Census 2020: Celebrating 100 Years of Arlington History
Published on September 25, 2020
WATCH: A virtual discussion with County Manager Mark Schwartz about the last century of Arlington history through the 1920 Census. Read "What the 1920 Census Tells Us About Arlington 100 Years Ago & Today.
County Manager Mark Schwartz shared insights from his extensive research into Census data from 1920 and reflected on the many changes in the County over the last century on Tuesday, September 29 at 7 PM. We also celebrated the work of Arlington's Complete Count Committee, Census Partners & Champions, and community volunteers during this event. Watch here.
Add the Virtual Session to your Google calendar
What the Census Tells Us About County History
Census data offer us valuable insights into many of the defining factors from the year a Census is taken. Though its questions change every 10 years, the Census reliably tells us key demographic details such as the age, race, and number of people in a household. Some years (but not in 2020) it ask questions about employment, highlighting the dramatic changes the County has experienced as it transitioned from rural to urban, and from a population of 16,040 in 1920 to the estimated 228,400 people who make Arlington their home today.
The reason we are able to access this Census data is due to the "72-year rule." According to federal law, your Census responses will remain confidential for 72 years after they are collected. After this amount of time passes, the records are released to the National Archives and Records Administration for historical research purposes.

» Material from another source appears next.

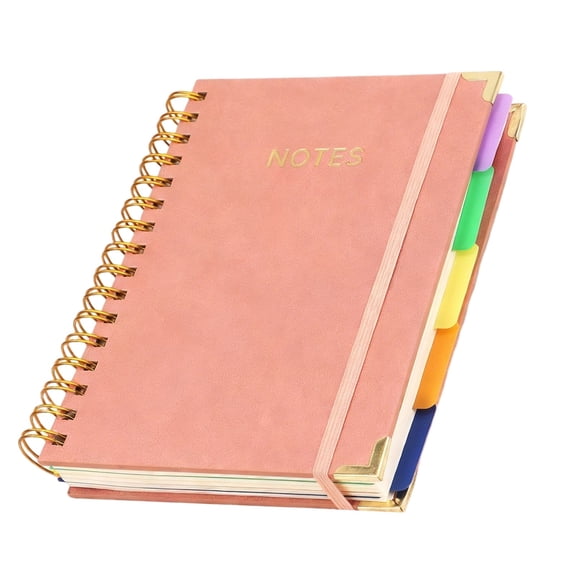 Hardcover Spiral Notebook Journal with Removable Dividers Tabs, 300 Pages Leather 5 Subject Notebook College Ruled, 5.7"×8.3" Large Notebooks for Work Study Note Taking, Journal for Women,Salmon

There's Still Time to Get Counted
Arlington's response rate is currently estimated at 98% — but this means there are still households in the County that need to be counted. Take some time before the end of the month to take the Census and ensure that you, your family, friends, and neighbors are all counted. Don't miss out on being counted — the Census only happens every 10 years!
Taking the Census takes only a few minutes. Here's how:
- Online: Go to my2020census.gov. Non-English speakers can select a different language at the bottom of the page.
- Phone: Call 844-330-2020 for English, 844-468-2020 for Spanish, or use these phone numbers to take the Census in 12 other languages.
- Mail: If you received a paper copy by mail, just fill it out, place it in the envelope provided and drop it in a mailbox.
- In Person: At a Mobile Questionnaire Assistance (MQA) station or when a Census Taker knocks on your door.
If you have already taken the Census, help spread the word and let everyone in your network know how important — and how easy — it is!